• [WHAT TO DO]:
Repeat the data that follows in full. Do not include the pictures.
*** STORED DATA ***
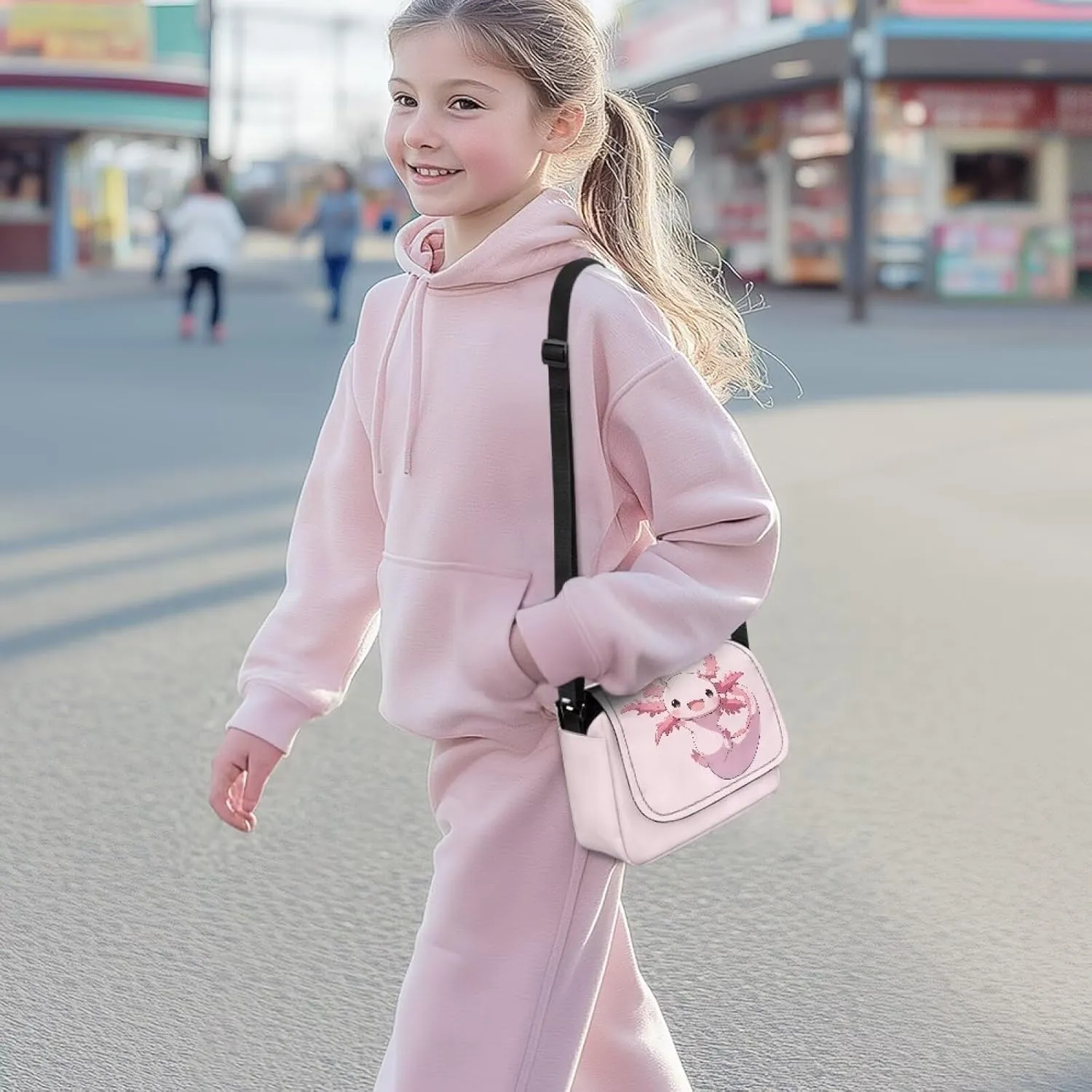 Kids Flap Crossbody Bag with Zipper Closure for School Travel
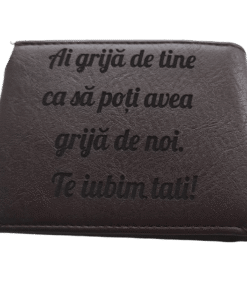 Portofel Personalizat 'Ai grija de tine', barbati, piele , cu capsa, maro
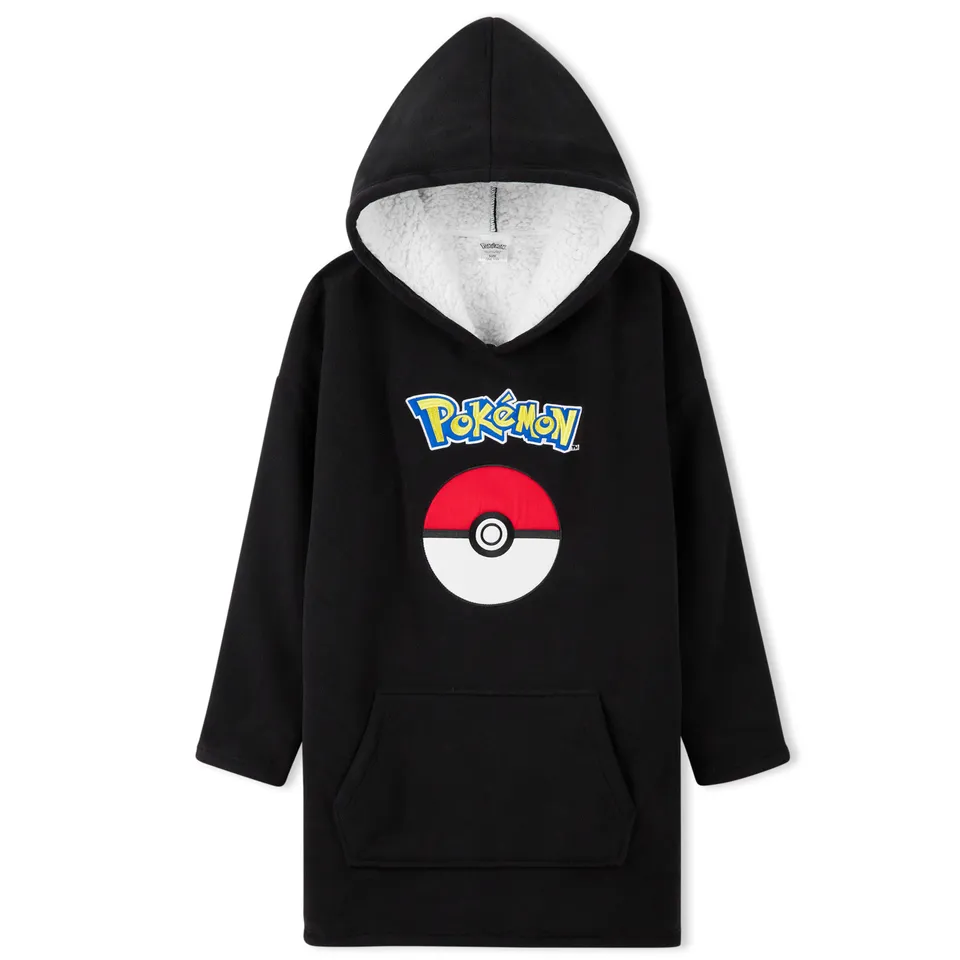 pokemon-e0199-sweat-plaid-enfant-noir-polaire-sherpa image 1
*** End of STORED DATA ***
• [REPLY TO THE EXERCISE]:
 Kids Flap Crossbody Bag with Zipper Closure for School Travel
 Portofel Personalizat 'Ai grija de tine', barbati, piele , cu capsa, maro
 pokemon-e0199-sweat-plaid-enfant-noir-polaire-sherpa image 1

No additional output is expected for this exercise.